### Records
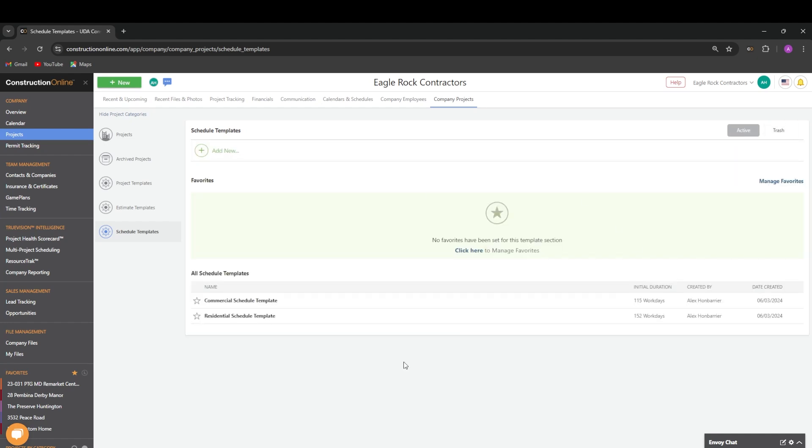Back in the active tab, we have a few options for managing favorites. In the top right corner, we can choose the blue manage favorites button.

* * *

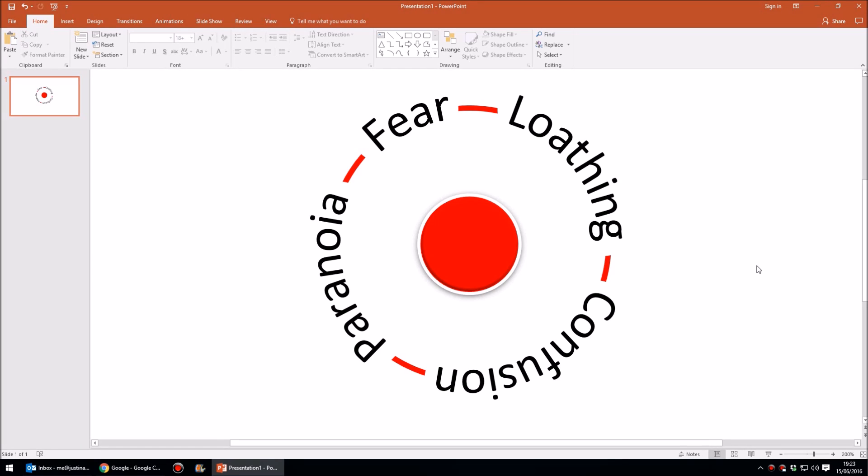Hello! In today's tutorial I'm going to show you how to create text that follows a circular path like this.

--

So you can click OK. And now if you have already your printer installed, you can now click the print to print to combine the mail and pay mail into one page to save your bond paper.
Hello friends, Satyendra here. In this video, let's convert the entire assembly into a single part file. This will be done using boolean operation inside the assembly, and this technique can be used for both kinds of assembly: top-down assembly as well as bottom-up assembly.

### Exercise aim
From the records given above, copy all lines containing "into".

### Answer box
So you can click OK. And now if you have already your printer installed, you can now click the print to print to combine the mail and pay mail into one page to save your bond paper.
Hello friends, Satyendra here. In this video, let's convert the entire assembly into a single part file. This will be done using boolean operation inside the assembly, and this technique can be used for both kinds of assembly: top-down assembly as well as bottom-up assembly.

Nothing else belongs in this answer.